I don’t endorse that attitude myself. And I’m actually not sure how many ecologists would endorse it. But I suspect that more than a few ecologists would endorse it.
Good point about the likely lack of meta-analyses in physics. I too bet there aren’t many. Arguably, meta-analysis is what you do when your field lacks both quantitative theory, and precise measurements of precisely-defined concepts.
Which if so, illustrates why one shouldn’t often expect moderator variables to explain all that much variation in ecological meta-analyses. If we could come up with a short list of moderator variables that would explain most of the variation in the effect of interest, we likely wouldn’t need meta-analysis. We’d likely have a quantitative theory of the effect of interest, and very precise measurements of the effect of interest.

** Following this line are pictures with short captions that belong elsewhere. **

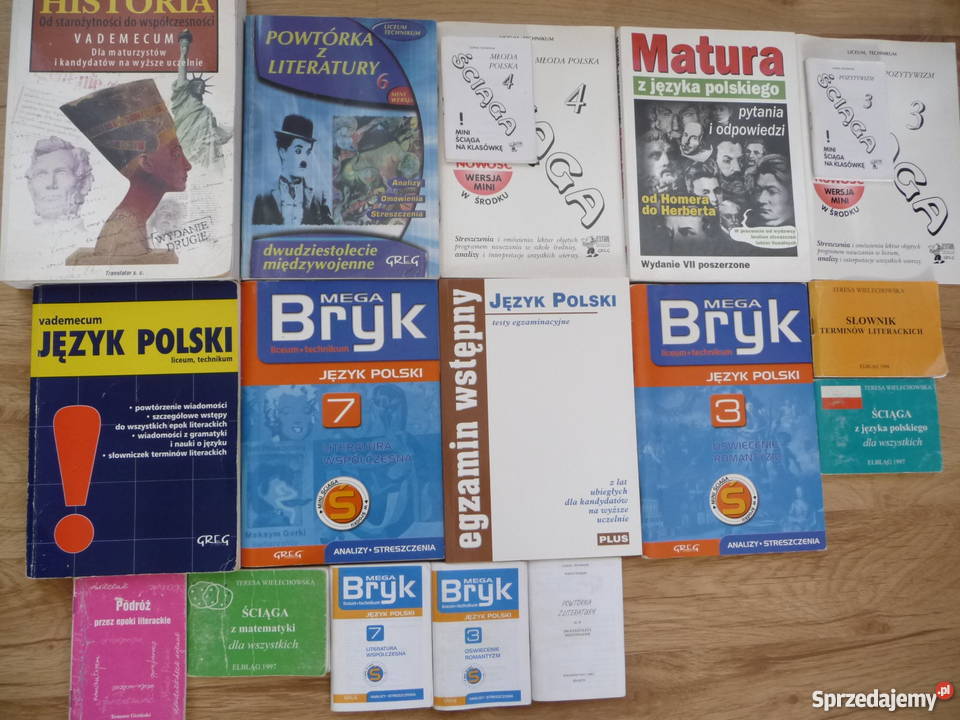 Zestaw książek do matury klasówki powtórki przed zestawy mieszane Mińsk Mazowiecki sprzedam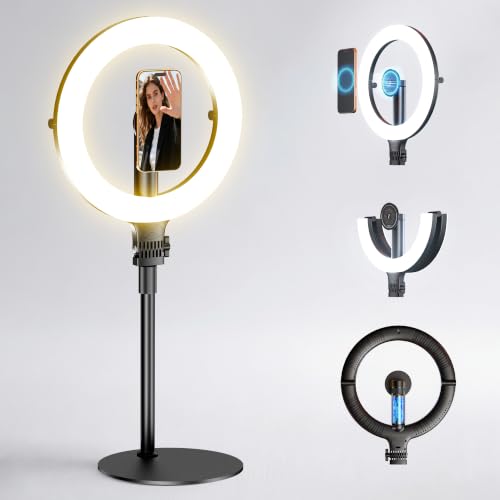 NiceVeedi 10.2” Magnetic Desk Ring Light with Stand, 5000mAh Rechargeable Desktop Ring Light for Phone，3 Color Foldable Selfie Light for Live Stream/Makeup/TikTok/YouTube/Photography/Zoom/Vlogging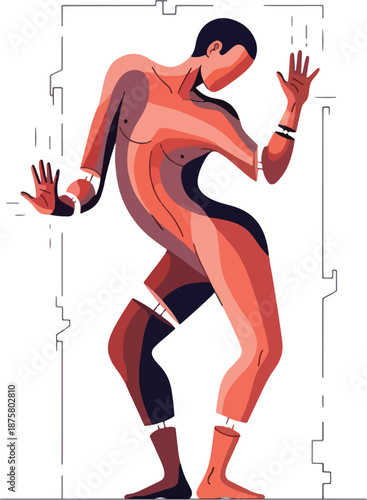Stylized articulated human figure with detached limb joints against a white background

NSF in the U.S. stopped funding the National Center for Ecological Analysis and Synthesis (NCEAS) almost ten years ago (sadly), but that started some time in the 90s and I would guess that it had a pretty substantial effect on the field of ecology generally because pretty much all funded working groups had a focus on meta-analysis (plus they had postdocs in their heyday). I have been involved in a few meta-analyses at this point, and can trace them all back to NCEAS meetings circa 2011. Maybe it didn’t make as much of a difference for the field as I think, but it made a big difference for me.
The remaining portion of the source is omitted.